Problem details
Pull every line that includes the word "Drive" out of the data below and copy it.

*** Available data Section Begins ***

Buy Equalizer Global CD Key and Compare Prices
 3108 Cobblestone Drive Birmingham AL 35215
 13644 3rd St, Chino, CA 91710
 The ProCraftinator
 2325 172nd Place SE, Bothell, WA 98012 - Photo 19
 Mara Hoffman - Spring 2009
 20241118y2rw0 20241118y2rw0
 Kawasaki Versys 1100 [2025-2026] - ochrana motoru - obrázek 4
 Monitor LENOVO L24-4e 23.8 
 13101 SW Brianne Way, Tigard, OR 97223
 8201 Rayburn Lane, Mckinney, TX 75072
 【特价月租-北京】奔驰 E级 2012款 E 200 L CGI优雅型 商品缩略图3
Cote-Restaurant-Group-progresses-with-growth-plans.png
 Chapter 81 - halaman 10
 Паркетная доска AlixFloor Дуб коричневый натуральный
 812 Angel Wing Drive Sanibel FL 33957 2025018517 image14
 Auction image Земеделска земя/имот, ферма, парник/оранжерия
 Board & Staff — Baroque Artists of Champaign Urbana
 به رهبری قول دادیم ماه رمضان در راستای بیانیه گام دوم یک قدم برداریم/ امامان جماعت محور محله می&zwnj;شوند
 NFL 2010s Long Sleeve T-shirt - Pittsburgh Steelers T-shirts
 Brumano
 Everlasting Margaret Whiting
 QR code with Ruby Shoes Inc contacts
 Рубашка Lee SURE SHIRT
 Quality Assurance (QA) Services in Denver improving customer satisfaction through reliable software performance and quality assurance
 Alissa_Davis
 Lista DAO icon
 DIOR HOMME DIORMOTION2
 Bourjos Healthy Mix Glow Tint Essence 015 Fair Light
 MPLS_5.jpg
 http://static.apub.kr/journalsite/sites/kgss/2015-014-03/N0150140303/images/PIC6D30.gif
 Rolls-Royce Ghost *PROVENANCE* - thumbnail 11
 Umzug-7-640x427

*** Available data Section Ends ***

Task answer
 3108 Cobblestone Drive Birmingham AL 35215
 812 Angel Wing Drive Sanibel FL 33957 2025018517 image14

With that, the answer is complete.